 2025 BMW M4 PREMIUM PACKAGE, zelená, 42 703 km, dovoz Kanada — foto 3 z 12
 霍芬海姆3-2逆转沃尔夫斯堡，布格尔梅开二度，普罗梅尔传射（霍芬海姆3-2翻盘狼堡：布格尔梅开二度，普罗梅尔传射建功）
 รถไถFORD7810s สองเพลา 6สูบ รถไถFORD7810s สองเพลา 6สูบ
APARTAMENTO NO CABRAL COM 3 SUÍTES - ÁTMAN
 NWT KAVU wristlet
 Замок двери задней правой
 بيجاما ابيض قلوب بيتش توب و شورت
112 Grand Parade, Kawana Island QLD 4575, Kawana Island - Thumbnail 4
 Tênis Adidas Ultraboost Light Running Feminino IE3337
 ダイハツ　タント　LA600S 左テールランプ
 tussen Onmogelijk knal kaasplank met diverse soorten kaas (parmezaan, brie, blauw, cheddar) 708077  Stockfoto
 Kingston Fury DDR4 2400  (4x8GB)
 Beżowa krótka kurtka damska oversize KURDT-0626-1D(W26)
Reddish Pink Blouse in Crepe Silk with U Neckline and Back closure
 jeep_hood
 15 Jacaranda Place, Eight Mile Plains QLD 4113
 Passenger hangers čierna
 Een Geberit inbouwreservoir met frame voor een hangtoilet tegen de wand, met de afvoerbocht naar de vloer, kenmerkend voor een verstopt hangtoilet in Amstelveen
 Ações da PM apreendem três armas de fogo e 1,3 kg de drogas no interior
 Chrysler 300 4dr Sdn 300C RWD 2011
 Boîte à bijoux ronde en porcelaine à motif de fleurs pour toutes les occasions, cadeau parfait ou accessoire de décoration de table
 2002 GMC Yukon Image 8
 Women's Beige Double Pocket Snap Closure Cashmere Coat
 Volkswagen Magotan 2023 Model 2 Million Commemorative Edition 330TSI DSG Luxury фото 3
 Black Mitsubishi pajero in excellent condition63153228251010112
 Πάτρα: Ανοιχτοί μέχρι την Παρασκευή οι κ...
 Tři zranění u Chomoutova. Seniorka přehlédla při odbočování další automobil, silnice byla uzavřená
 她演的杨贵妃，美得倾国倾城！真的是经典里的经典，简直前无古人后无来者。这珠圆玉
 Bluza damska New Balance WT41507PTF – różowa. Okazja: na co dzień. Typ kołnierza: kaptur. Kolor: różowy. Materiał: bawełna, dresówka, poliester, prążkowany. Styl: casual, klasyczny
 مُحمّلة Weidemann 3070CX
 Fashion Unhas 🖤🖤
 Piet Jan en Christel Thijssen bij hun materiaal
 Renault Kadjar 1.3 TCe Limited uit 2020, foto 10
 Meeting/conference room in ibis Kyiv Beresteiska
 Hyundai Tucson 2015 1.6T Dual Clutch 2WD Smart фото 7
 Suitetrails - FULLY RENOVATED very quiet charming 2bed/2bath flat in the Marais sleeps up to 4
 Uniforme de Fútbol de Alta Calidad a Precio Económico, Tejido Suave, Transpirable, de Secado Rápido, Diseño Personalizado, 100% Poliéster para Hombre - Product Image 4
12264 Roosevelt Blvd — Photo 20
* * * * *
§ ACTIVITY
Retype every record above exactly as written.

§ EXERCISE RESULT
 2025 BMW M4 PREMIUM PACKAGE, zelená, 42 703 km, dovoz Kanada — foto 3 z 12
 霍芬海姆3-2逆转沃尔夫斯堡，布格尔梅开二度，普罗梅尔传射（霍芬海姆3-2翻盘狼堡：布格尔梅开二度，普罗梅尔传射建功）
 รถไถFORD7810s สองเพลา 6สูบ รถไถFORD7810s สองเพลา 6สูบ
APARTAMENTO NO CABRAL COM 3 SUÍTES - ÁTMAN
 NWT KAVU wristlet
 Замок двери задней правой
 بيجاما ابيض قلوب بيتش توب و شورت
112 Grand Parade, Kawana Island QLD 4575, Kawana Island - Thumbnail 4
 Tênis Adidas Ultraboost Light Running Feminino IE3337
 ダイハツ　タント　LA600S 左テールランプ
 tussen Onmogelijk knal kaasplank met diverse soorten kaas (parmezaan, brie, blauw, cheddar) 708077  Stockfoto
 Kingston Fury DDR4 2400  (4x8GB)
 Beżowa krótka kurtka damska oversize KURDT-0626-1D(W26)
Reddish Pink Blouse in Crepe Silk with U Neckline and Back closure
 jeep_hood
 15 Jacaranda Place, Eight Mile Plains QLD 4113
 Passenger hangers čierna
 Een Geberit inbouwreservoir met frame voor een hangtoilet tegen de wand, met de afvoerbocht naar de vloer, kenmerkend voor een verstopt hangtoilet in Amstelveen
 Ações da PM apreendem três armas de fogo e 1,3 kg de drogas no interior
 Chrysler 300 4dr Sdn 300C RWD 2011
 Boîte à bijoux ronde en porcelaine à motif de fleurs pour toutes les occasions, cadeau parfait ou accessoire de décoration de table
 2002 GMC Yukon Image 8
 Women's Beige Double Pocket Snap Closure Cashmere Coat
 Volkswagen Magotan 2023 Model 2 Million Commemorative Edition 330TSI DSG Luxury фото 3
 Black Mitsubishi pajero in excellent condition63153228251010112
 Πάτρα: Ανοιχτοί μέχρι την Παρασκευή οι κ...
 Tři zranění u Chomoutova. Seniorka přehlédla při odbočování další automobil, silnice byla uzavřená
 她演的杨贵妃，美得倾国倾城！真的是经典里的经典，简直前无古人后无来者。这珠圆玉
 Bluza damska New Balance WT41507PTF – różowa. Okazja: na co dzień. Typ kołnierza: kaptur. Kolor: różowy. Materiał: bawełna, dresówka, poliester, prążkowany. Styl: casual, klasyczny
 مُحمّلة Weidemann 3070CX
 Fashion Unhas 🖤🖤
 Piet Jan en Christel Thijssen bij hun materiaal
 Renault Kadjar 1.3 TCe Limited uit 2020, foto 10
 Meeting/conference room in ibis Kyiv Beresteiska
 Hyundai Tucson 2015 1.6T Dual Clutch 2WD Smart фото 7
 Suitetrails - FULLY RENOVATED very quiet charming 2bed/2bath flat in the Marais sleeps up to 4
 Uniforme de Fútbol de Alta Calidad a Precio Económico, Tejido Suave, Transpirable, de Secado Rápido, Diseño Personalizado, 100% Poliéster para Hombre - Product Image 4
12264 Roosevelt Blvd — Photo 20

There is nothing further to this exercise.